● PROBLEM DETAILS
Wherever the line with "Trening pamięci 3" sits in the listing below, transcribe from it up to and including the line with "クリプシュ RP-504C-2 センタースピーカー【1本】Klipsch", exactly, and leave the remaining lines out.

● RECORDS FOR THE TASK
>>>
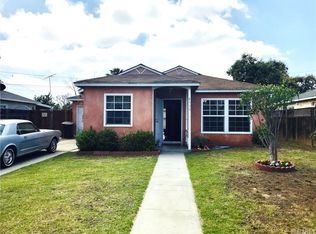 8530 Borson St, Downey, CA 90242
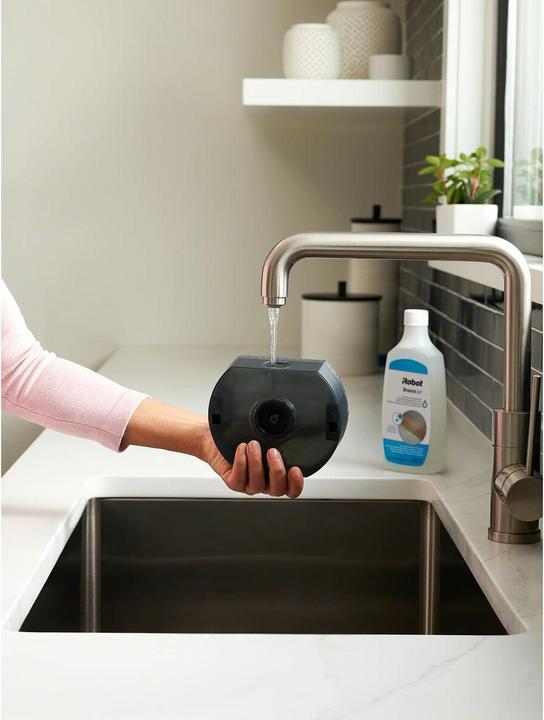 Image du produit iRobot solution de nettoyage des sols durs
<<<
>>>
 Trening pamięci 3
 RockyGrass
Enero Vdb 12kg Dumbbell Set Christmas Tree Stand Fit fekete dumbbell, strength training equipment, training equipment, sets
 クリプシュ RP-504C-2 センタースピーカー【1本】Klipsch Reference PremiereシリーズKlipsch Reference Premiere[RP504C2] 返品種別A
<<<
● ANSWER BELOW
 Trening pamięci 3
 RockyGrass
Enero Vdb 12kg Dumbbell Set Christmas Tree Stand Fit fekete dumbbell, strength training equipment, training equipment, sets
 クリプシュ RP-504C-2 センタースピーカー【1本】Klipsch Reference PremiereシリーズKlipsch Reference Premiere[RP504C2] 返品種別A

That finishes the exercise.